In due course – the next summer – Elizabeth Crofts was frogmarched to Paul’s Cross – outside St Paul’s – to answer her accusers and atone for her sin.

She ‘fessed up. Owned up to offending God and the Queen’s Majesty. With much of London looking on, she said she was a gazing stock to the whole world to my great shame.”

And she sang like a canary. She denounced her accomplices. Or they may have been her corrupters. We don’t know. She may have just been an impressionable young woman who was persuaded to be the invisible spirit and say what she said. Or she may have been paid. We don’t know. For that matter, we don’t know what her religious views were. 

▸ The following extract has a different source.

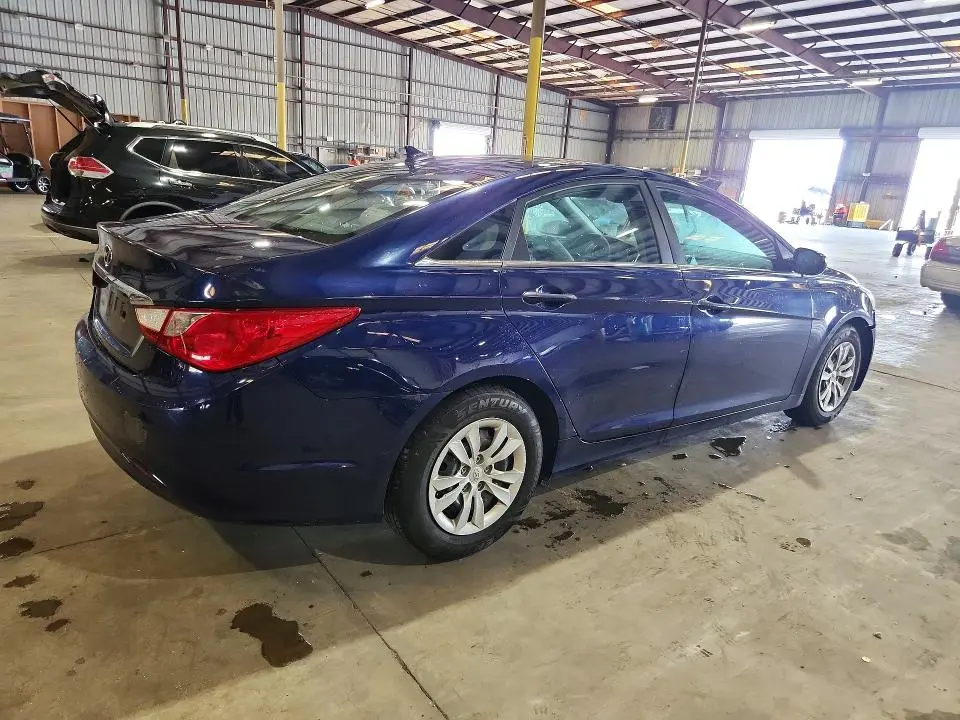 2011 HYUNDAI SONATA GLS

Having confessed and hung down her head in shame – and named names – she was taken back to prison. But not for long. She was soon released. 

And indeed it looks as though her collaborators also got off lucky. One of them was pilloried. But that was getting off lightly. He and his fellows easily could have earned themselves a death sentence.

Young Elizabeth – the bird in the wall – was never held fully responsible for her actions. She was 18 years old. She was just a kid. Londoners wanted to believe that she had been led astray. Or perhaps was mad.

And that’s all we know about Elizabeth Crofts. Her doing her bird in the wall number on March 14th and March 15th and then fessing up on that day in July, that was, to use Andy Warhol’s term, her fifteen minutes of fame. 

But the episode is important to historians because Aldersgate was a part of London that had a significant reformist population. The public response to what was a pretty obvious attempt to undermine the church and the crown is a measure, for historians, of how widespread those feelings were in the capital, how deep they ran, how much purchase they had.

How did I know you’d prefer going back to the 1550s and meeting Elizabeth Crofts to taking part in Karl Marx’s deathwatch – a little bird told me.

And on that note, good night from London. See you tomorrow.